Here is lots of information on using 24" stud spacing https://www.google.ca/search?aq=1&oq=Optimum+value&sourceid=chrome&ie=UTF-8&q=optimum+value+engineering


----------



## hand drive (Apr 21, 2012)

when placing doors onto the end of a wall that meets another wall, depending on which way the door opens ( usually doors open to a dead wall instead of out into the room ) it is advisable to just do a king and jack 3" . if the door opens into the room maybe come a foot off of the wall and set the door there. depending on which way you start the drywall -> pull a 16" layout on entire wall and fill in with extra studs wherever a door lands in the wall or/and when another wall ties in...

edit to add... with 4.5" casing you would just rip the piece of casing in the corner to fit. with casing added to prehung from factory rip the casing while it is attached to the prehung and then set the door.

on a prehung the jamb is 3/4" thick with some allowable spacing between rough opening so figure 1". then 3" ( framing) off of wall plus one inch ( jamb) equals 4". casing is 4.5 inches so the end amount need to be ripped off will something like 1/2". does this sound correct?


----------



## joecaption (Nov 30, 2011)

Far more common to see 2-1/4 or 3-1/4" casing.


----------



## bsmenthelp (May 6, 2012)

thanks for the feedback.
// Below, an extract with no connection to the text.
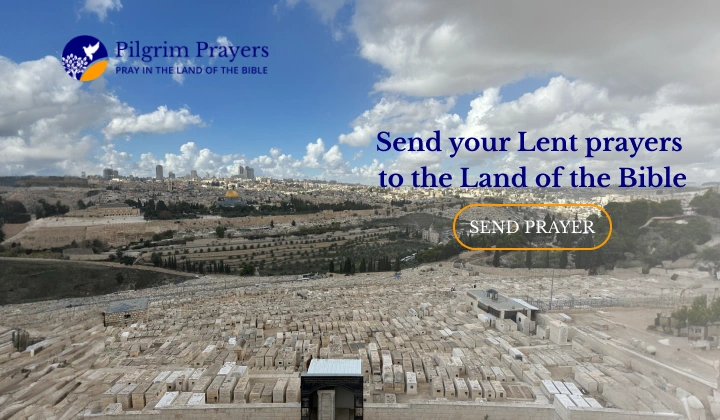 Pilgrim Prayers offering prayer requests in sacred locations of the Holy Land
I dont now much obviously you are correct about the size of the casing. I was referring to the width of the door jam?
Eitherway I now clearly understand what you meant.

All doors will be opening to dead walls. If I just use the king and jack stud how will i secure the bottom plate to the cement floor? As it will be a solid piece of wood? Would I just glue it down, secure it to the adjacent wall and try to toenail into the concrete

Thanks


----------



## joecaption (Nov 30, 2011)

Going to have to attach the bottom plate first then the studs.
I would use Tap Con screws.


----------



## hand drive (Apr 21, 2012)

bsmenthelp said:


> thanks for the feedback. I dont now much obviously you are correct about the size of the casing. I was referring to the width of the door jam?
> Eitherway I now clearly understand what you meant.
> 
> All doors will be opening to dead walls. If I just use the king and jack stud how will i secure the bottom plate to the cement floor? As it will be a solid piece of wood? Would I just glue it down, secure it to the adjacent wall and try to toenail into the concrete
> ...



it is best to use pressure treated lumber for that king and jack and run both directly to the floor without a bottom plate in that one spot. a 3" plate will split and is impossible to attach well enough, the only way I would advise a plate there is if it could cut back into the existing wall thereby making the plate 6.5" which is much stronger. be sure and attach the king and jack ( nails, bolts, ramsets, glue, etc...) to the existing wall very well as there will be no bottom plate to hold them at the bottom. you will most likely be able to attach king and jack to the framing at the ceiling height easily enough.


----------



## mae-ling (Dec 9, 2011)

On 6" wall section I would do as Joe said, plate first then wall. On 3" wall section I do as hand drive posted above.

With wider casing I would go the 6" way if at all possible. To me cutting down the casing looks bad, yes I have had to do it even in brand new homes but If I could I avoided it at all costs.


----------



## bsmenthelp (May 6, 2012)

So to recap if you were to design the framing for finishing a basement and you were going to place a door swinging to a dead wall how would you frame it. standard casing no space restrictions. What is the best practice.


----------



## Joe Carola (Apr 14, 2006)

bsmenthelp said:


> So to recap if you were to design the framing for finishing a basement and you were going to place a door swinging to a dead wall how would you frame it. standard casing no space restrictions. What is the best practice.


King stud and jack... 3" is all you need.


----------